Black-fronted Piping-guan project update – September

On September 14th and 15th the Black-fronted Piping-guan Project Team was at REGUA, one of the sites where the species will be reintroduced, to conduct several activities.

Young Rangers
Young Rangers (©REGUA)

On the 14th, the Project was presented during a meeting of the Rural Development Municipal Council.   Twenty-six participants attended, among them council members and guests.    Later that day, the 11th activity of the Guide for Practices and Experiences with Nature (available in Portuguese for download: http://goo.gl/XqcF56) was held with 13 of REGUA’s Young Rangers.

The following day, the Project was presented in Bacia do Rio, Macacu Permanent Preservation Area with the presence of the Area Manager, REGUA’s vice-president Raquel Locke, and the 5th UPAm (Environmental Police Unit).

In total, 18 participants attended, all of whom are important partners in the species’ protection network.  Without the support of the local people and the REGUA team this project would not be possible.

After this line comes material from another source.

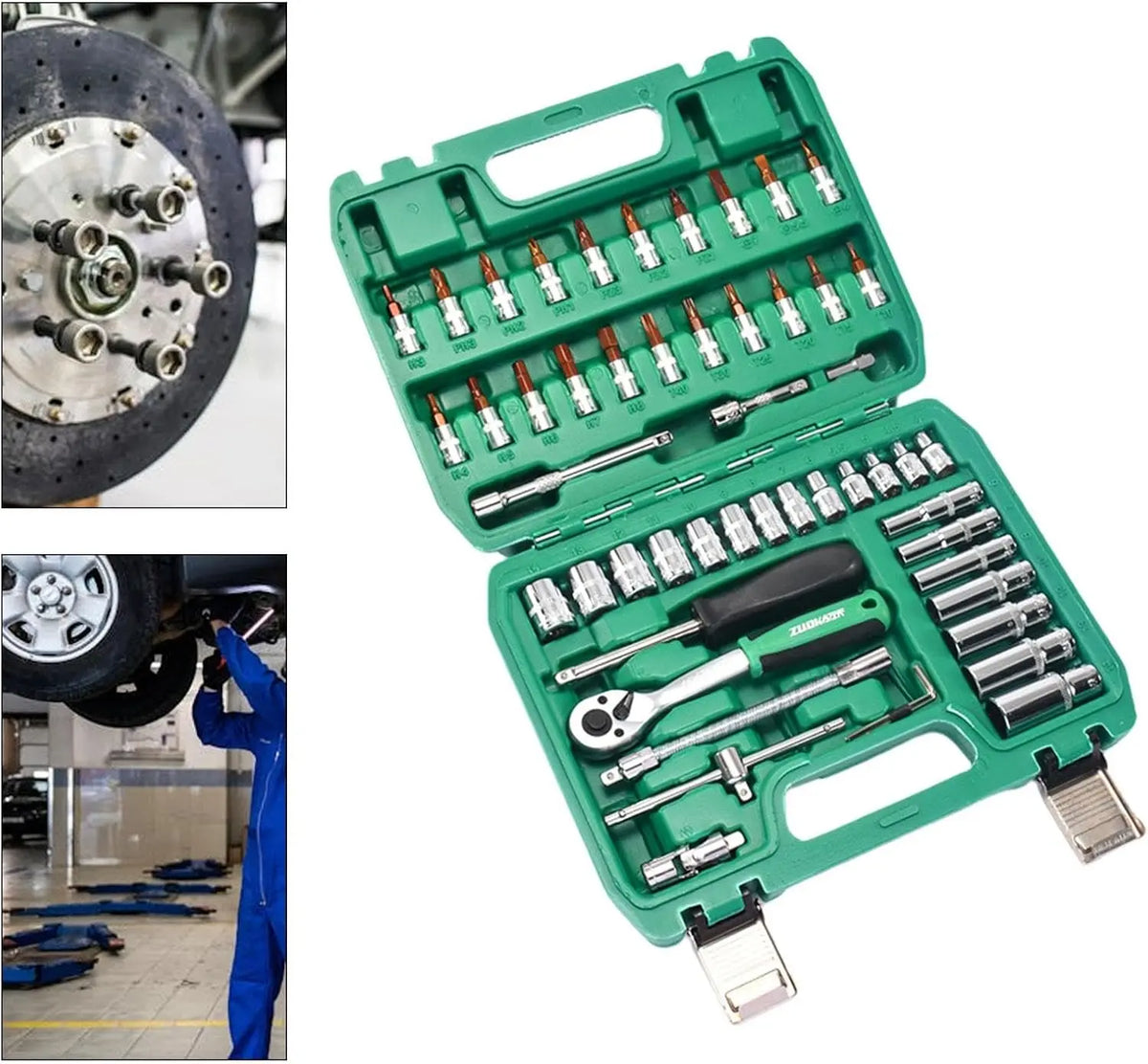 46/53Pcs Socket Wrench Set Auto Repair Mechanics Tools Household Garage Hand Drive Socket Tool Kit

Macacu Permanent Preservation Area Attendees (© REGUA)

The reintroduction of Black-fronted Piping-guan at REGUA  is now expected for the first semester of 2016.

Alecsandra Tassoni
Project Co-ordinator

Young Rangers prepare for Black-fronted Piping-Guan Re-introduction

Following on from the great news that a reintroduction programme for the Black-fronted Piping-guans (Aburria jacutinga) is to take place, the young rangers have been keen to find out more. The Black-fronted Piping-guans belong to the cracidae family (the same family as the Red-billed Curassow, the subject of an earlier re-introduction at REGUA) and they are very similar looking birds. The Black-fronted Piping-guans can be recognised by their white quiff, white spots on their wings and blue and red wattle.

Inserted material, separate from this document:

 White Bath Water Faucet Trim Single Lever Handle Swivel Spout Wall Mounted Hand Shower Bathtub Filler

Like all re-introduction programmes the re-introduction of the Black-fronted Piping-guans must be accompanied by an awareness programme, and who better to take the first step than REGUA’s Young Rangers.

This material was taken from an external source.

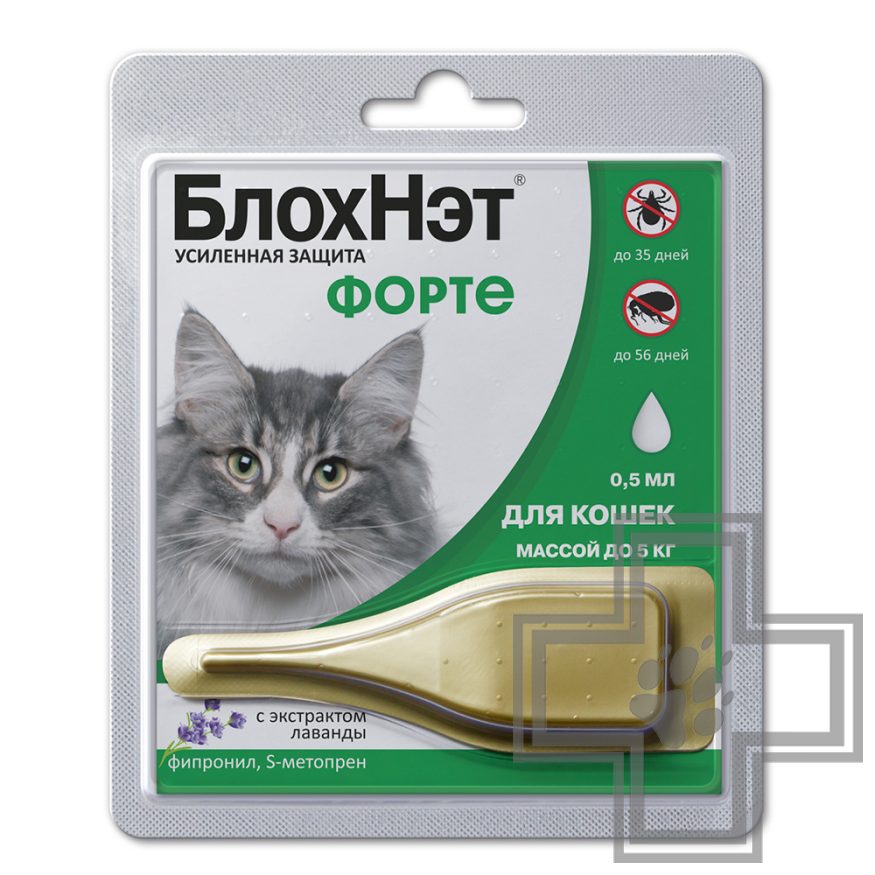 БлохНэт Форте Капли инсектоакарицидные для кошек (цена за 1 пипетку)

Making Black-fronted Piping-guans
Making Black-fronted Piping-guan models

Various activities will be taking place; learning about the species, walks in the forest, art and craft activities.   One of the first exercises in getting to know about the Black-fronted Piping-guan was to make papier-mâché  models of the birds, using recycled newspaper and card.   The Young Rangers were supported in this by REGUA Volunteers Katerina Samara and Emma Louise Smith.

The eagerness and interest the youngsters have shown in the bird is a breeze of excitement about their arrival at the reserve.

Soon there will be a team of papier-mâché Black-fronted Piping-guans waiting to welcome their real-life counterparts back to nature.